Wednesday, March 13, 2013

Visiting FareShare Merseyside: Food Bank Distributor


My two ward councillor colleagues and I visited the FareShare Merseyside distribution centre recently to help us understand how food banks work and where they get their food from. We are interested in using some of our devolved budget to support the establishment of food banks in the Kensington and Fairfield area because we have heard that currently our residents who are in need are having to travel or walk several miles to the two nearest ones. 
 
We have been in touch with some local churches who indicated they might want to help with this so we thought a visit to the FareShare project would be useful. 
 
We took two of the Council’s Neighbourhood Ward Support Officers with us too so that they could spread the word while engaging elsewhere in the city. 
 
We learnt that FareShare is a national organisation with depots around the country. Each depot receives a share of food from the national depot, which has been sent to them from supermarkets and manufacturers where for some reason they are not able to put it on their own shelves. So for instance a tray of beans may have been labelled as having 450g of beans but the conveyor belt in the factory might have blipped and only filled them with 430g.

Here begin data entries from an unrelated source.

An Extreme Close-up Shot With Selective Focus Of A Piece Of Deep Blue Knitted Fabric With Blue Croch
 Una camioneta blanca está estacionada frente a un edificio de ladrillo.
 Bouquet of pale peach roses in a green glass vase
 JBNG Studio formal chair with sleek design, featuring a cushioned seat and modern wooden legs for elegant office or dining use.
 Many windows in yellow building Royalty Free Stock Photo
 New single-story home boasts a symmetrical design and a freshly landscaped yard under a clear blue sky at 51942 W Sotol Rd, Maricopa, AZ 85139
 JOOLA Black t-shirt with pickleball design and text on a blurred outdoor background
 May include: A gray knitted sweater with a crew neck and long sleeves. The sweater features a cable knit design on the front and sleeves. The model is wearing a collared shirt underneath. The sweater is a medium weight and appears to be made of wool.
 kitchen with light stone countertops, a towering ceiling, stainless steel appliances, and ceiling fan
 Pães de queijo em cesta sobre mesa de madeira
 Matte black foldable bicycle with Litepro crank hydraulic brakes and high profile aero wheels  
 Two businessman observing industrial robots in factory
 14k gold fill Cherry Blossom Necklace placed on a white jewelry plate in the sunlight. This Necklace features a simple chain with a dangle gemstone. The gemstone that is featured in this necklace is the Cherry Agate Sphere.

Or the line might have been discontinued, or there may have been a production over run so that 2000 jars of sauce were made when an order only required 1500. The surplus food and foodstuff is then given away to FareShare rather than thrown away, put into landfill or incinerated.
 
They have no say what they will receive, when we were there there had for example been a recent delivery of masses of apple juice, but this might be a one-off, they may never receive apple juice again.
 
The foodstuffs are then appropriately stored in the depot and hard working volunteers sort it out according to its use by date. We marvelled at some of the food that had found its way to FareShare, there were tins of soup and beans, pasta and sauces, coffee and cereal but also obscure things like half a dozen tins of Pannetone cake and a crate of windscreen de-icer. We even spied a couple of bird boxes!
 
FareShare then parcel up an agreed amount of food for each of the food banks and subsidised luncheon clubs that they serve, and other volunteers drive vans every day to deliver the food to them ready to distribute to those in need. 
 
Some food banks collect extra food from shoppers in local supermarkets to supplement the food they have delivered from FareShare.
 
It costs something in the order of £700 per year for a food bank to buy into the service and to have the food delivered to them as required. 
 
We were extremely impressed with the dedication of the staff and volunteers and will be delighted to fund two or three of these memberships to help local people in need to eat.